— DATASET EXCERPT —
::::::::

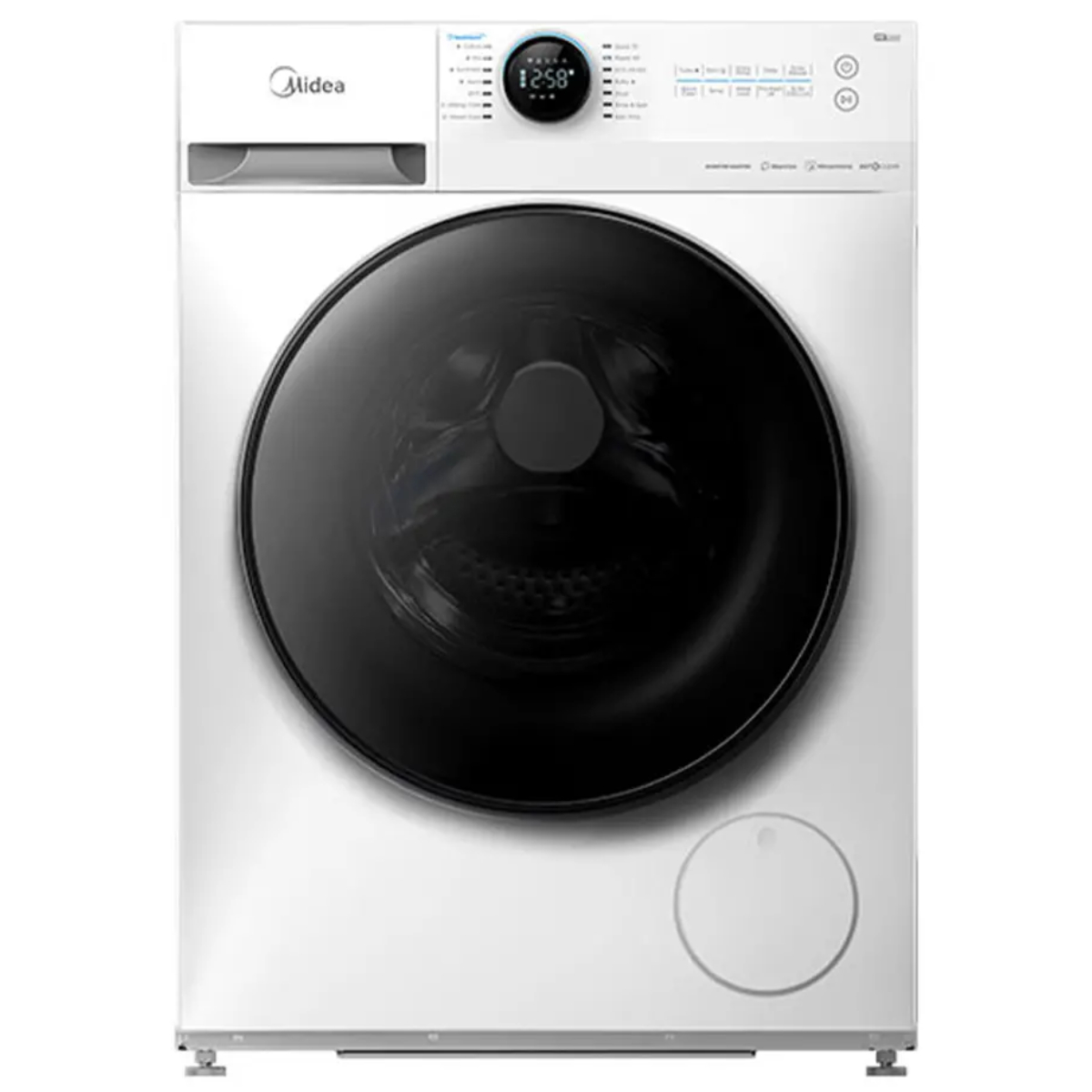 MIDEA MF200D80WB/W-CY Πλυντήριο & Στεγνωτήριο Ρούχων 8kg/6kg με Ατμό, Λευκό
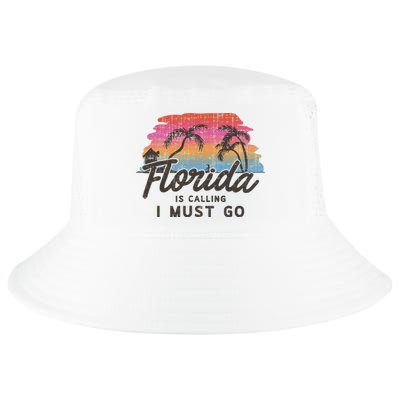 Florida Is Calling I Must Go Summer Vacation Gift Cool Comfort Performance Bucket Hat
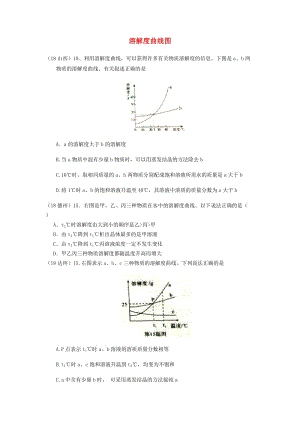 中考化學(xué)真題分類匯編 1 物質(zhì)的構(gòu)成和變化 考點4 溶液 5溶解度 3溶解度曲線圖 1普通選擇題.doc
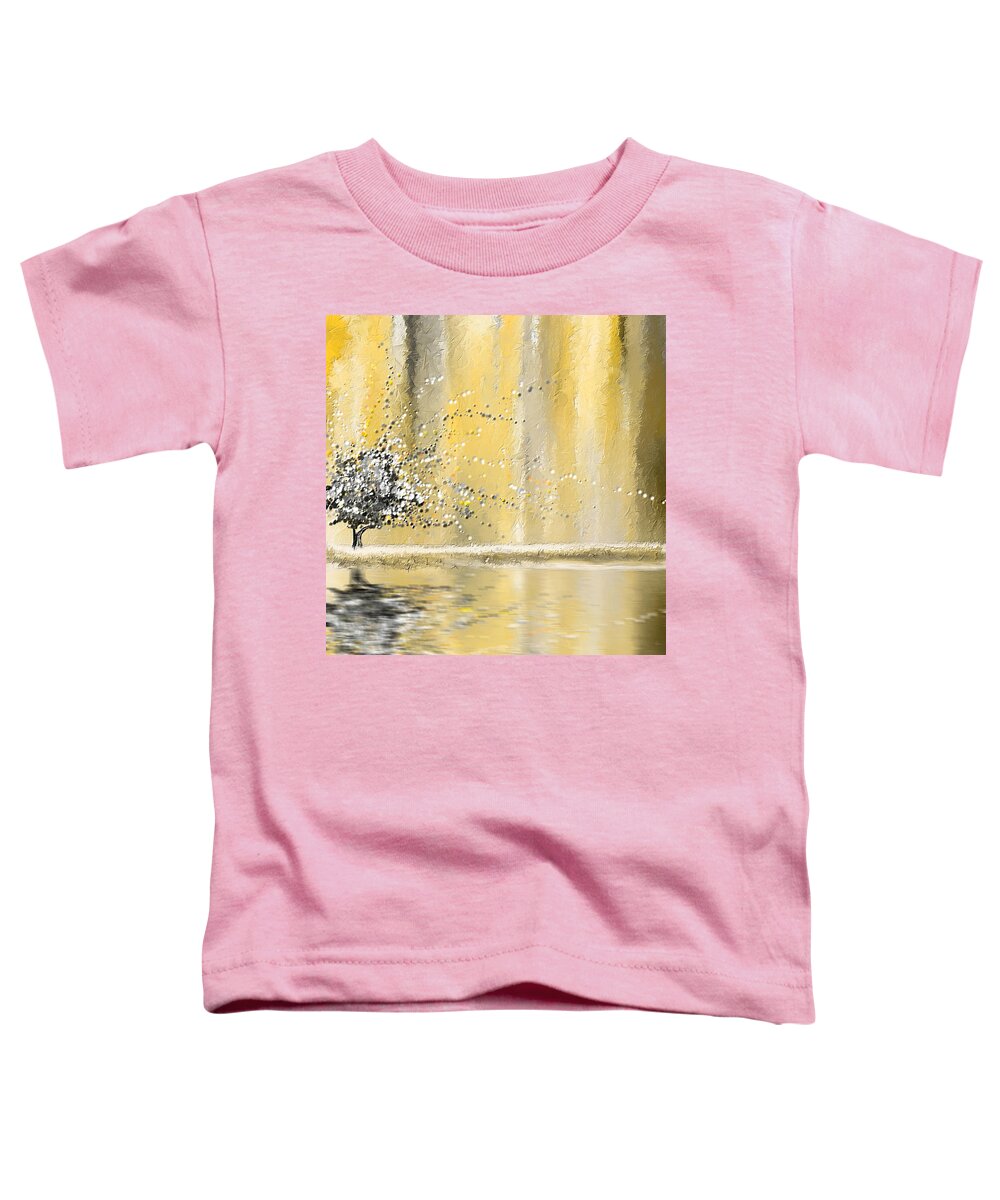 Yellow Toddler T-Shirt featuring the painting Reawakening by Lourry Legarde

::::::::

— WORK INSTRUCTIONS —
Repeat each line above exactly. The pictures stay out.

— SOLUTION TO THE PROBLEM —
 MIDEA MF200D80WB/W-CY Πλυντήριο & Στεγνωτήριο Ρούχων 8kg/6kg με Ατμό, Λευκό
 Florida Is Calling I Must Go Summer Vacation Gift Cool Comfort Performance Bucket Hat
 中考化學(xué)真題分類匯編 1 物質(zhì)的構(gòu)成和變化 考點4 溶液 5溶解度 3溶解度曲線圖 1普通選擇題.doc
 Yellow Toddler T-Shirt featuring the painting Reawakening by Lourry Legarde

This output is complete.